* [Problem requirements]
Set down again, exactly and only, the lines from the one that contains "Best Health and" through the last line of the records below, both included, but not the pictures.

Image-text web data

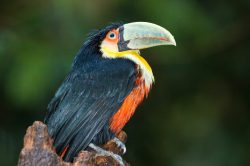 red-breasted-toucan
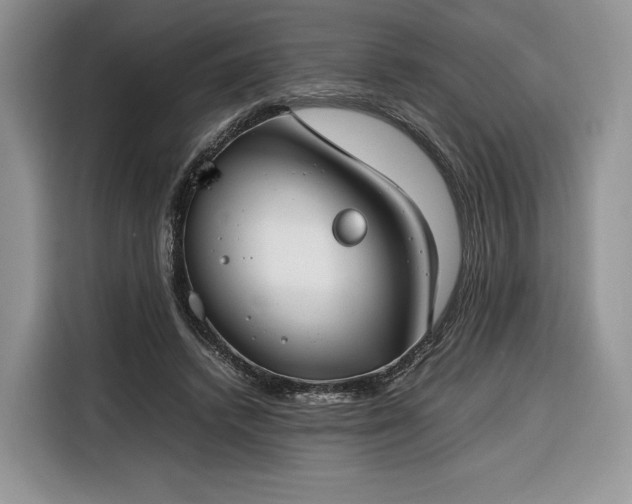 X0000116350448200912091133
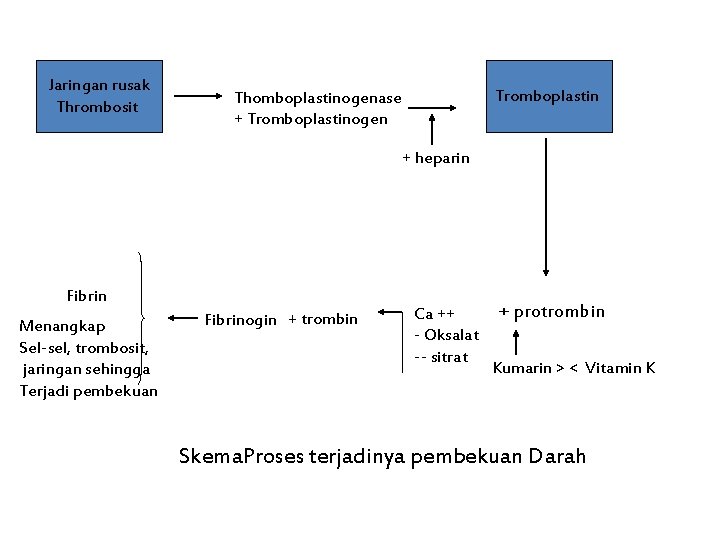 Jaringan rusak Thrombosit Tromboplastin Thomboplastinogenase + Tromboplastinogen + heparin Fibrin Menangkap Sel-sel, trombosit, jaringan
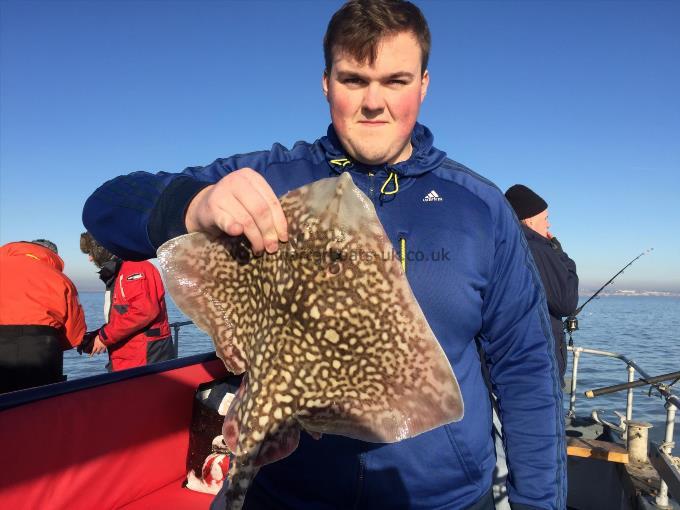 6 lb Thornback Ray by Charlie from Ramsgate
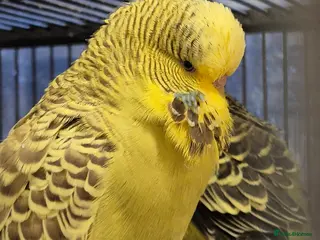 Budgerigars birds Budgies Birds by pre-order, exclusive birds - Advert 8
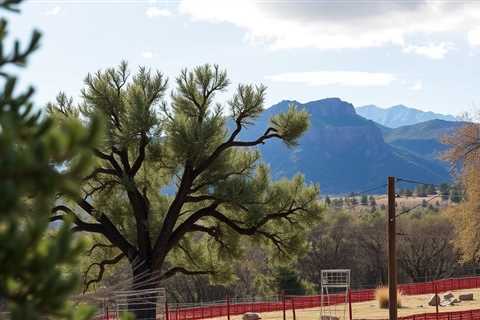 An Unbiased View Of Best Utah Tree Removal Company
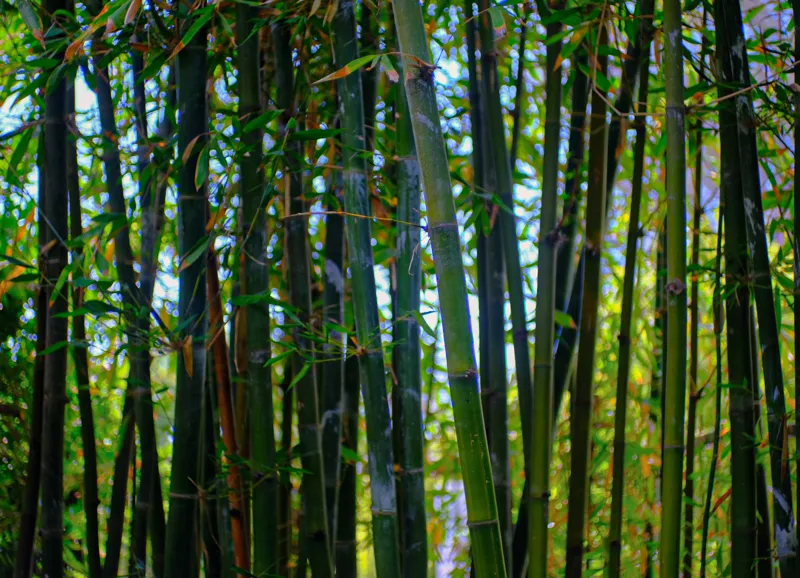 Tablou Canvas, "Pădurea liniștită de bambus verde", Bambus, Frunziș, Verde, Densitate, Natură, Lumină, Trunchiuri, Vegetație, Seral, Textură, 54 x 39 cm – poza 2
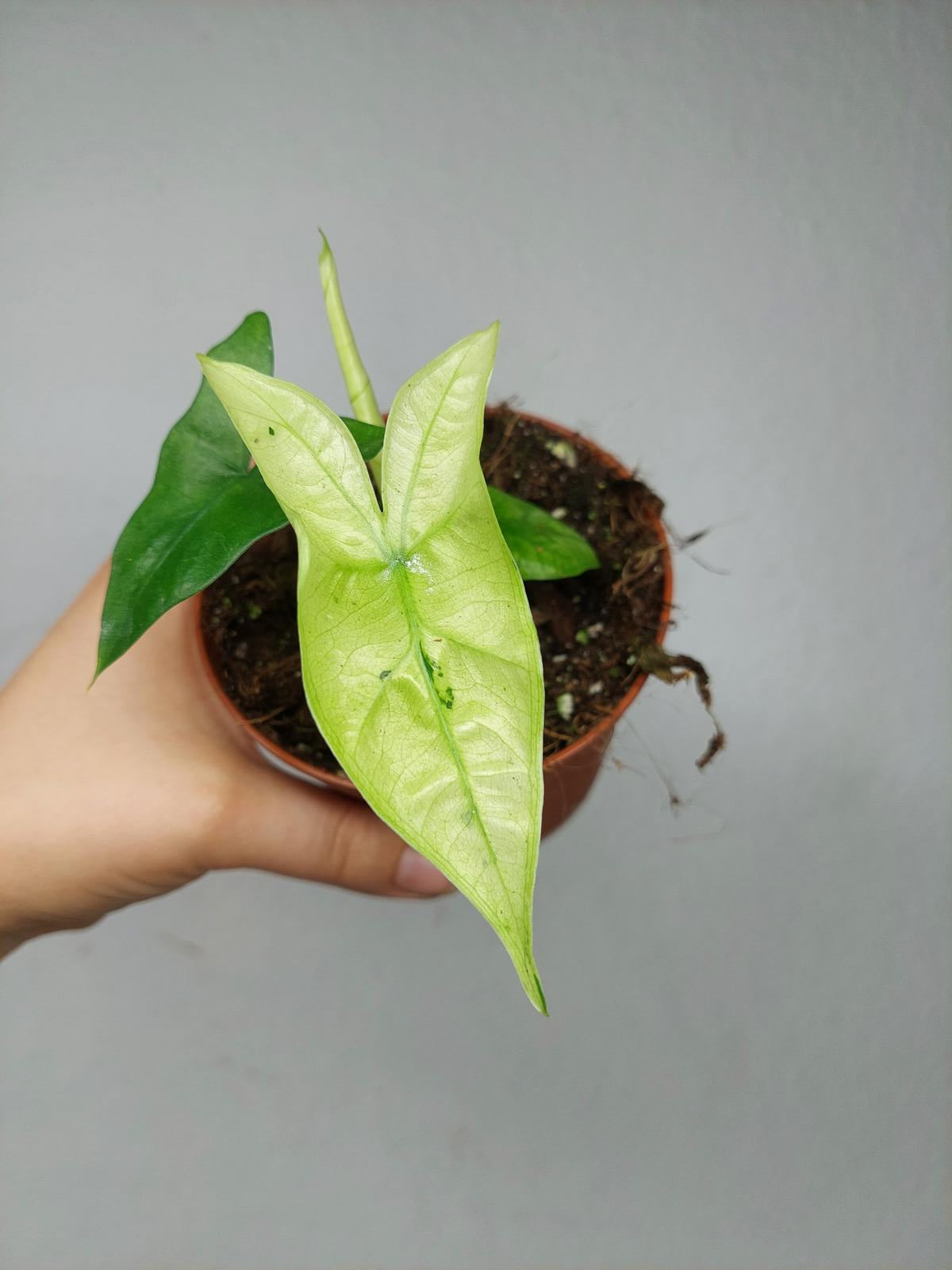 Alocasia Batwing Ghost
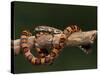 Red Rat Snake-null-Stretched Canvas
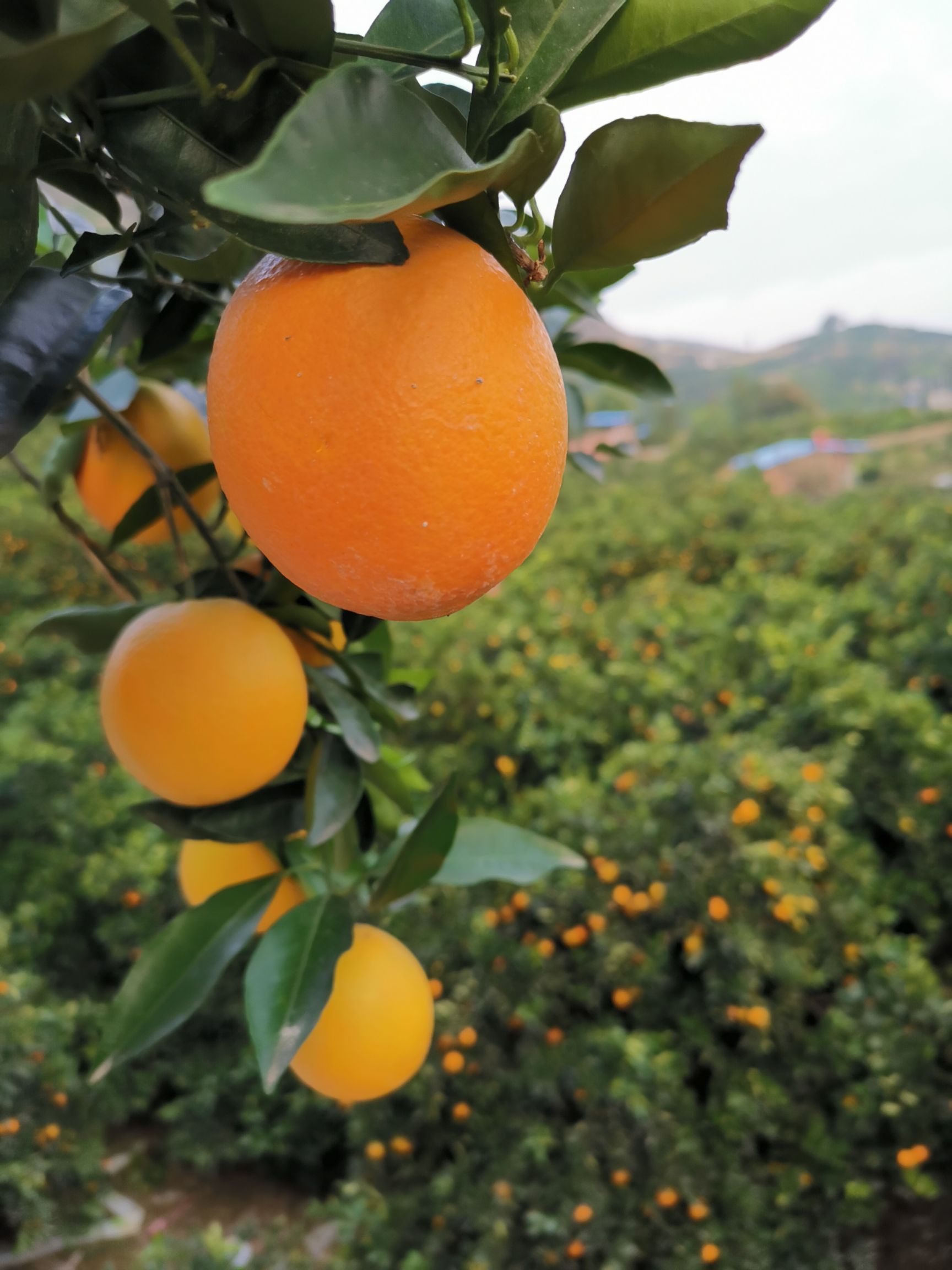  正宗原产地奉节脐橙！多汁纯甜！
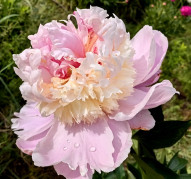 Пион Pink Lemonade  (Пинк Лемонад)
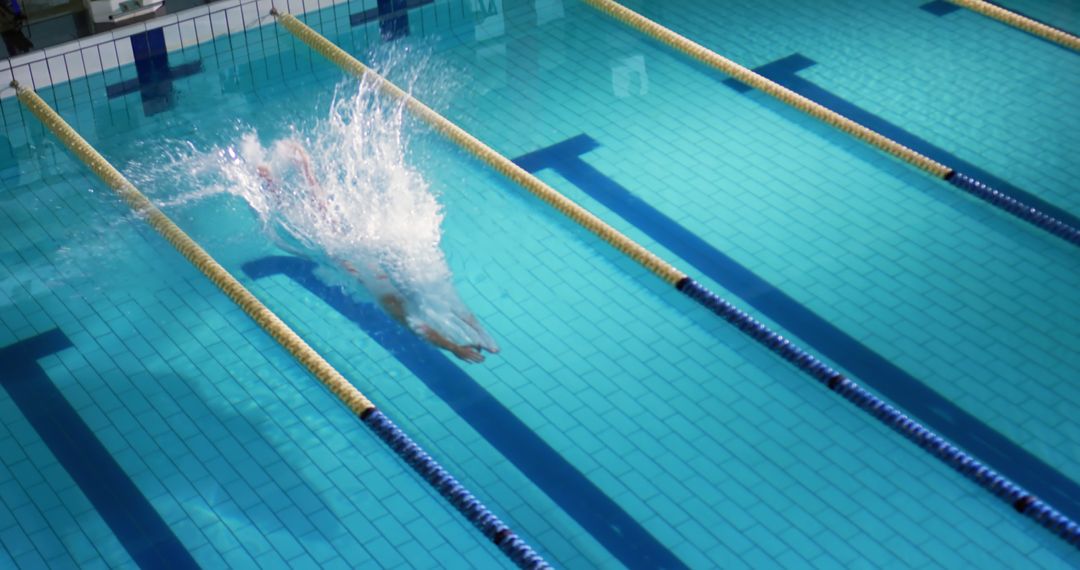 Professional swimmer diving into pool during competition - Free Images, Stock Photos and Pictures on Pikwizard.com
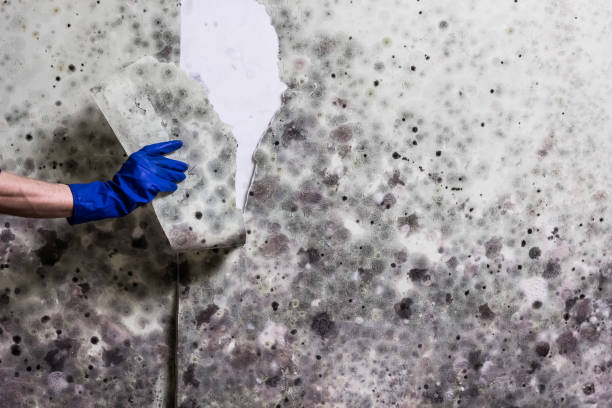 Best Health and Safety Mold Remediation in Liberty, NC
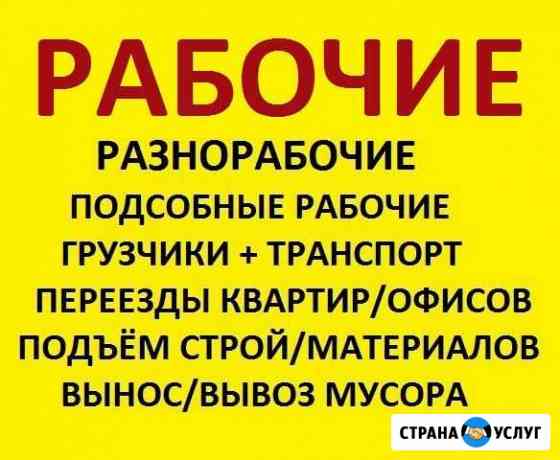 лучшие трактористы на вспашке зяби в башкирии. Смотреть фото лучшие трактористы на вспашке зяби в башкирии. Смотреть картинку лучшие трактористы на вспашке зяби в башкирии. Картинка про лучшие трактористы на вспашке зяби в башкирии. Фото лучшие трактористы на вспашке зяби в башкирии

* [Output of the task]
 Best Health and Safety Mold Remediation in Liberty, NC
 лучшие трактористы на вспашке зяби в башкирии. Смотреть фото лучшие трактористы на вспашке зяби в башкирии. Смотреть картинку лучшие трактористы на вспашке зяби в башкирии. Картинка про лучшие трактористы на вспашке зяби в башкирии. Фото лучшие трактористы на вспашке зяби в башкирии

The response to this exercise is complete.